Na comitiva portuguesa, 34 pessoas entre 11 dirigentes, já incluídos o seleccionador Manuel da Luz Afonso, o treinador de campo Otto Glória e o seu adjunto Fernando Caiado, e 23 jogadores (aos 22 convocados pela FIFA acrescente-se o intruso Fernando Mendes, que fractura a perna na Checoslováquia durante a qualificação e ganhou este prémio). À chegada a Londres, um dirigente da FIFA, de seu apelido Robinson, dá as boas-vindas a Portugal com um certo cinismo, que se revelaria premonitório: “Desejo-vos todas as felicidades, sem esquecer que a Inglaterra está na prova.”
Que comece então o Mundial. Instalada em Manchester, a selecção portuguesa despacha os três rivais do grupo com a chapa 3 (Hungria, Bulgária e até o Brasil de Pelé). Pelo meio, uma série de curiosidades. Na estreia, por exemplo, ninguém em Portugal vê o primeiro golo, de José Augusto, aos três minutos. A Emissora Nacional só começa a transmitir o jogo um pouco depois.

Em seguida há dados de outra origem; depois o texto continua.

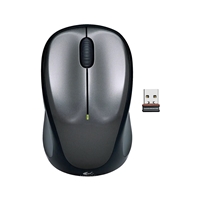 Logitech M235 Black and Grey Wireless Compact Design Optical Mouse - Image 4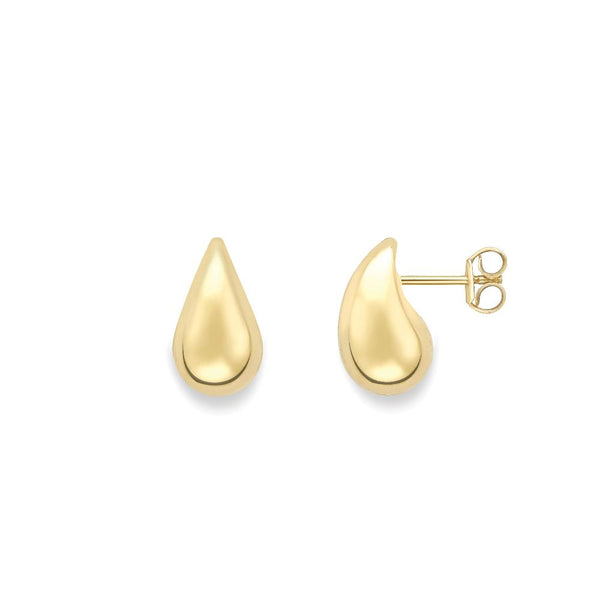 9ct Gold Tear Drop Stud Earrings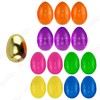 15x Easter Colourful Plastic Filler Eggs, Egg Hunt, Basket Stuffers,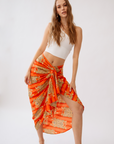 Tibet Pareo Skirt - Orange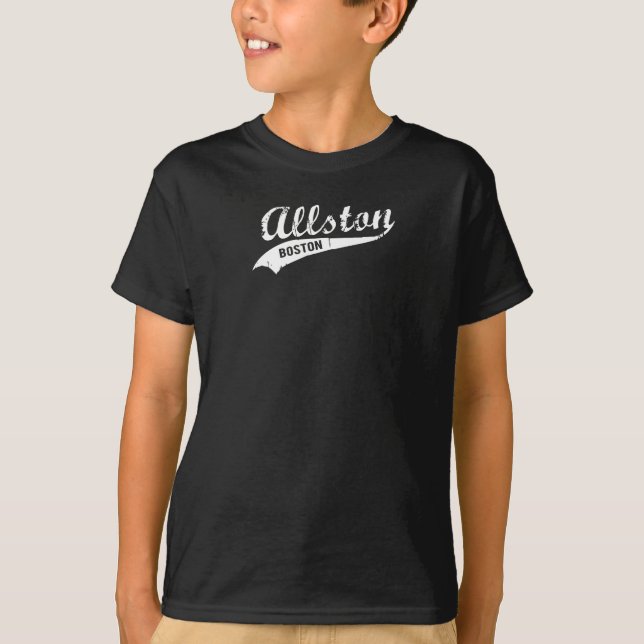 Camiseta Diseño perturbado de Allston Boston Massachusetts (Anverso)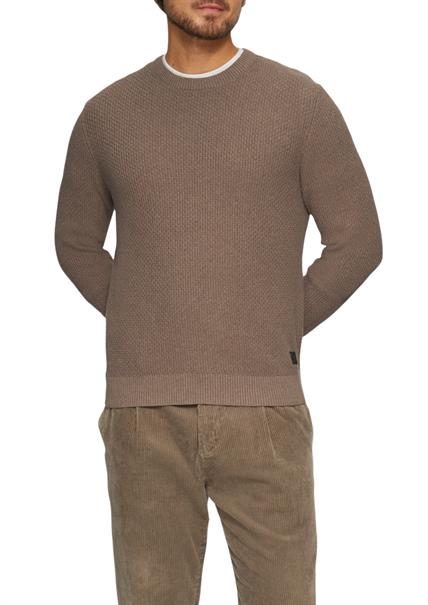 Strickpullover braun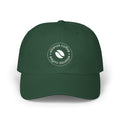 Ellianos baseball cap in green with embroidered logo, front view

Com a Bulgária, outro exemplo, o autocarro da selecção parte para o hotel sem Otto Glória, que faz a viagem no carro dos jornalistas! Com o Brasil, o inesquecível episódio da quezília entre Morais e Pelé. Lesionado, após duas entradas fora de tempo ao joelho direito, o brasileiro ameaça: “Eu ti parto uma perna.” Ao que Morais responde: “Vai mas é fazer as malas [para casa].” E a isto Coluna acrescenta: “Pelé, olha que o Morais é perigoso, tem maus fígados.”
Nos quartos, a Coreia do Norte ganha 3:0 aos 24’ quando Eusébio se irrita e marca golos seguidos. Mais um de José Augusto e 5:3. Meias-finais, aí vamos nós. Espera-nos a anfitriã Inglaterra em Wembley. O avançado Bobby Charlton marca duas vezes e Portugal só uma, Eusébio de penálti. Resta a consolação, 2:1 à URSS com José Torres a garantir o pódio a três minutos do fim. “Os Magriços em mangas de Tamisa”, escreve Carlos Pinhão n’A Bola. A história está escrita. Com glória. Daí para a frente, só a Croácia 1998 repete o feito português de estrear-se em Mundiais com um terceiro lugar.
A Inglaterra ganha o título, num sábado à tarde (4:2 vs RFA após prolongamento). É uma final esquisita com dois golos irregulares, os dois últimos, os da vitória. No 3:2, a bola não passa completamente a linha de golo. No 4:2, há adeptos em campo no momento do remate vitorioso. Enfim.
Repetimo-nos: a Inglaterra ganha o título, num sábado à tarde. Sábado? Oh yeaaahh, o Mundial-66 é o único de sempre sem qualquer jogo aos domingos. Considerado um dia sagrado pela igreja anglicana, o Mundial começa a uma segunda-feira e acaba a um sábado.